He was particularly fond of woodwinds, and planned a set of sonatas for all of them, yet only lived to complete four: sonatas for flute, oboe, clarinet, and the Elégie for horn. All four works have memorial dedications. The Elégie was written in 1957 in memory of Dennis Brain – the contemporary pioneer of the horn, who was killed in a car accident that year. The sense of loss it distils is palpable, and makes it one of Poulenc’s least comfortable works. Full of harsh intervals and dramatic gestures, it is as though he was determined to get as far away as possible from the dreamy, poetic horn of the 19th century.

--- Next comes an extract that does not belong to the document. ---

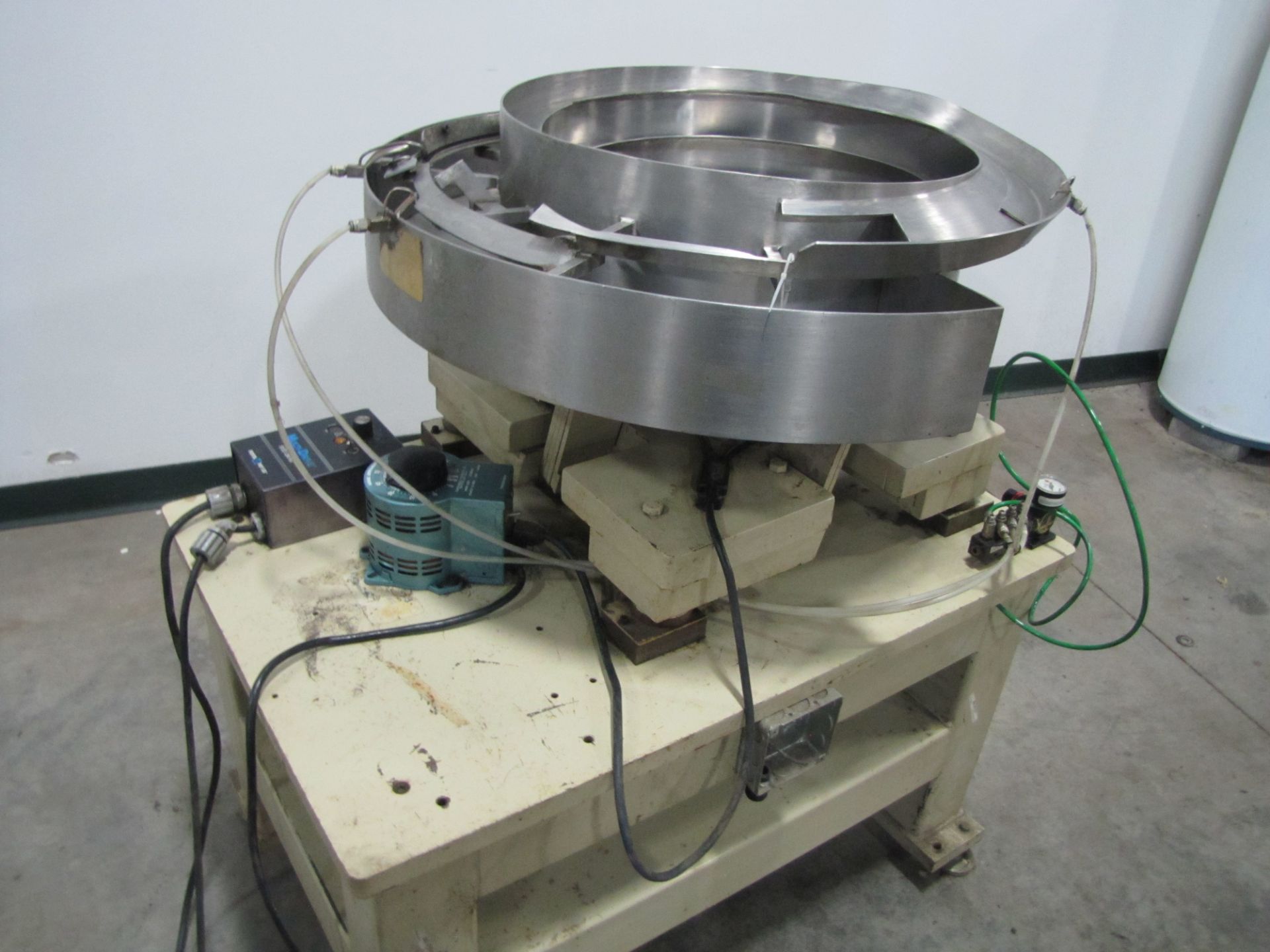 Service Engineering Inc. Vibratory Bowl, S/N:14676 - Image 9 of 9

To take the piece deeper one could hear that the composer described the 7 stages of grief throughout this piece. It opens with an uncomfortable 12 tone row which could indicate his first hearing of the death of his respected friend which then moves into the first stage of grief – shock and denial – portrayed by very aggressive articulations in both the piano and horn, no real sense of direction just incessant ambiguity. The second stage of grief appears at rehearsal (4) as an expressionless demonstration of pain and guilt – continuous downward motions with the occasional “sob” like downward slur in the horn, constant sadness. The piece then suddenly enters the third stage of grief at rehearsal (9) portraying sudden shouts of anger and the inability to understand the moment by the constant pounding of accents in the piano followed by the horn. Loneliness at rehearsal (12) then creeps into the picture as the composer displays the sudden loss, not only personally, but he also portrays the loss of the 20th century’s iconic horn player and the sudden hole created in the world of the horn. Feelings demonstrated during this time are instantaneous and Poulenc suddenly moves from loneliness to acceptance through a beautiful melody using stopped horn to portray the upward turn at rehearsal (17). Reconstruction (7 bars after (17)) then immediately begins as the horn repeats an open fifth pattern while the piano continues the idea of acceptance. The seventh stage of grief – hope – at rehearsal (19) is reluctantly displayed towards the end of the piece and finally comes to rest on the very last chord.